As a stay-at-home dad who has been reading out loud to my troopers for a decade, I have a few tips that I think other new dads might find useful:

  1. Don’t feel embarrassed about reading out loud. Your troopers are the most forgiving of audiences.
     
  2. For baby troopers, choose something you want to read. They just want to hear the sound of your voice and learn the rhythm of the language. You’re the one that needs a good story to keep things interesting. I didn’t really know what books would be suitable to buy for a baby trooper,  so I opted for an older children’s book that I would be interested in reading myself. Harry Potter was the perfect solution for me – and many a night I continued to read aloud long after my son had gone to sleep.
     
  3. As troopers get a little older, get illustrated books that you can read to them while they look at the pictures and words (not a night-time activity in my opinion, as it’s too stimulating).
     
  4. A bedtime story is a perfect way to settle your troopers but make sure it isn’t too exciting. Speak slowly and calmly.
     
  5. Don’t be discouraged if your baby trooper cries a lot in the beginning when you’re getting them into a bedtime routine. Remember, it is the only way that they can communicate with you, and they could be trying to let you know they’re uncomfortable, or hungry, or wet…. Be vigilant.

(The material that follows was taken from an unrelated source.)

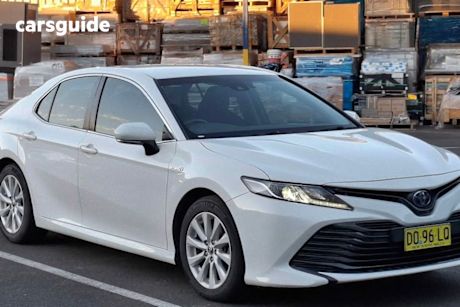 White 2020 Toyota Camry Sedan Ascent Hybrid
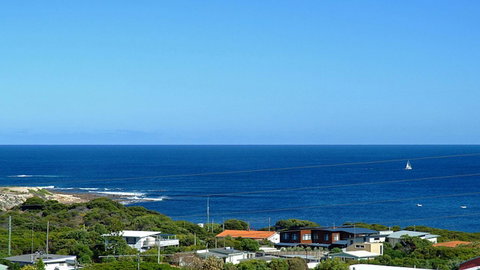 Tru Blu - Enjoy Sweeping 180 Degree Views Of Gracetown In This Modern Family Beach House - Accommodation Australia 6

I don’t think it’s a coincidence that all of my troopers have got a great vocabulary and love to read. I think that reading to them fired their imaginations: they love books and love to read, and write, stories.

Bearing all this in mind, I can’t think of any reason why a dad wouldn’t want to read out loud to his troopers. I still don’t buy books for myself, but I do buy books to read out loud to my troopers. So actually, I would like to revise my first statement. I do read for pleasure after all.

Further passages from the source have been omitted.